Andacht: Pflüget ein Neues
„Pflüget ein Neues, solange es Zeit ist!“
(Hosea 10,12)
Liebe Leserinnen und Leser,
der Schmetterling auf unserem Titelbild hat eine „Weide“ gefunden. Man sieht auf dem Foto aber auch die Verletzlichkeit dieser wunderbaren Insekten. Die größte Gefahr allerdings bildet es nicht ab: Den ständigen Verlust von Lebensraum. Rund 80 Prozent der Lebensräume in der EU sind in einem schlechten Zustand und 10 Prozent der Schmetterlingsarten sind vom Aussterben bedroht. Um diese Entwicklung zu stoppen hat die EU ein Naturschutzgesetz auf den Weg gebracht, das die Länder verpflichten sollte, bis 2050 alle bedrohten Ökosysteme zu renaturieren. Geplant war unter anderem die Pflanzung von Hecken, als Unterschlüpfe für Vögel und Insekten, sowie die „Wiedervernässung“ trockengelegter Flussauen und Moore. Doch es gab großen Widerstand vor allem von Christdemokraten und einigen Bauernverbänden.

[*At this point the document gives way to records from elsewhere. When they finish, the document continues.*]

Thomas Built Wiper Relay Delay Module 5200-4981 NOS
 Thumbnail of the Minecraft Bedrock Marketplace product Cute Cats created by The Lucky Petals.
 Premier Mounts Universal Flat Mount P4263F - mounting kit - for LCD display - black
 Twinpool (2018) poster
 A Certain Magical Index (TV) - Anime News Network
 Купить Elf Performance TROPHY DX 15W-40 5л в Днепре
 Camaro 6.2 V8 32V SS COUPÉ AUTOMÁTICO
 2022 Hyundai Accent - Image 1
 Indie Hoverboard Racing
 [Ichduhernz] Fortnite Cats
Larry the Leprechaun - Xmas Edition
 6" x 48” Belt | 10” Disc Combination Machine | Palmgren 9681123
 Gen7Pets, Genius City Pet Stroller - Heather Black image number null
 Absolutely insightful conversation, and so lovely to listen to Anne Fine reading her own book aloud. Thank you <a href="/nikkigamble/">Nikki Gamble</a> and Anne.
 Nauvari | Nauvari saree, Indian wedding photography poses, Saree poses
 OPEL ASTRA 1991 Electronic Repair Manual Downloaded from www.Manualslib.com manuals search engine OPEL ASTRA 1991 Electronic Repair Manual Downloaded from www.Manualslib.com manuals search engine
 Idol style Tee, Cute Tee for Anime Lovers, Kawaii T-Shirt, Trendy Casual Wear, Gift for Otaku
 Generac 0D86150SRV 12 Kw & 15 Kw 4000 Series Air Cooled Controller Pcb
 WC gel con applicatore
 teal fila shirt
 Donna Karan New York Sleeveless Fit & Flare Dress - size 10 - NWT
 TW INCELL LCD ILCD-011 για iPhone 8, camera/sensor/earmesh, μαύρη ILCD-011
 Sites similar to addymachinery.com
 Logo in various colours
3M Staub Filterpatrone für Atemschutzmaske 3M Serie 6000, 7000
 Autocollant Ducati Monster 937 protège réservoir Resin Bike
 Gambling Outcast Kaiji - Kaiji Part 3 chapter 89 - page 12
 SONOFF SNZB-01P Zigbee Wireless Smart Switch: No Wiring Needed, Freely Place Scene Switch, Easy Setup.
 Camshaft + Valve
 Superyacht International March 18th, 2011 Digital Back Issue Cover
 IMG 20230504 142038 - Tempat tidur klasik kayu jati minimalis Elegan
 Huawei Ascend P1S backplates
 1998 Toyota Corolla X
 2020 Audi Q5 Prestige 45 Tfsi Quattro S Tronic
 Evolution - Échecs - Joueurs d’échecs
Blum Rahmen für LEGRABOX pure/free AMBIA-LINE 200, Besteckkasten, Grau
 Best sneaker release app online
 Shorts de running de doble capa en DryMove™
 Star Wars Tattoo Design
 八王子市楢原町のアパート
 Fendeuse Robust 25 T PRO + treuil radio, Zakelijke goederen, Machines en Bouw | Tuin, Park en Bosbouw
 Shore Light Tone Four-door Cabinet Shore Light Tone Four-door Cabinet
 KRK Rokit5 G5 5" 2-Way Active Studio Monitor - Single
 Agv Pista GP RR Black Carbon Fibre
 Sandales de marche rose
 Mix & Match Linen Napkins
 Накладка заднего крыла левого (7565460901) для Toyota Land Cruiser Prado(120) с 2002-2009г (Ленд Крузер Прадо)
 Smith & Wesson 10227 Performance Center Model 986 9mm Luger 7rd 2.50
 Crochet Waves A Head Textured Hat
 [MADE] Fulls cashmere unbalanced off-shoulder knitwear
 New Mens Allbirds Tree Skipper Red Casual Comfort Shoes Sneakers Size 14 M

Zum Glück konnte nun zumindest ein stark abgeschwächtes Gesetz verabschiedet werden. Denn das Artensterben, der Klimawandel und die schlechte Verfassung der Böden machen einen Neuanfang in der Landwirtschaft nötig. Das „Evangelische Bauernwerk Hohebuch“ hat deshalb dieses Jahr für die Erntebittgottesdienste einen besonderen biblischen Appell in den Mittelpunkt gestellt:
„Säet Gerechtigkeit und erntet nach dem Maße der Liebe! Pflüget ein Neues, solange es Zeit ist, den Herrn zu suchen, bis er kommt und Gerechtigkeit über euch regnen lässt!“
Das ist eine Aufforderung, die sicherlich nicht nur Landwirt*innen, sondern uns allen gilt. „Säet Gerechtigkeit!“ Die Samenkörner sind zwar klein, aber wirksam: Eine neue Perspektive. Ein fairer Umgang. Wertschätzung für alle in der Lieferkette. Sich abwenden von dem Gefühl „ich bin hier das Opfer“ hin zur Tatkraft „ich kann etwas zum notwendigen Wandel beitragen.“
„Pflüget ein Neues“ gilt im landwirtschaftlichen wie im zwischenmenschlichen Sinn. Das bedeutet also: Neue Technik. Weniger Pestizide. Klimaresistente Sorten. Aber auch der Boden des Herzens muss bereitet werden. Verhärtete Strukturen und Ansichten müssen aufbrechen. Neues muss ausprobiert werden, gerade in unserem Umgang mit Pflanzen, Tieren und Böden. Vielleicht passieren dabei Fehler. Der größte Fehler wäre aber, sich den Neuerungen zu verschließen. Es gibt das Recht der Schmetterlinge auf einen gesunden Lebensraum. Es gibt ein Recht der Landwirt*innen, aus ihren Böden nicht das Maxi-mum herausholen zu müssen, sondern auch Brachen zu lassen und nasse Moore zu integrieren. Es ist berechtigt, für alles, was wir essen, faire Preise zu bezahlen.
Ich bin gespannt, für welche neuen Wege uns der Bundesminister für Ernährung und Landwirtschaft in der Nachtschicht am 20. September begeistern möchte.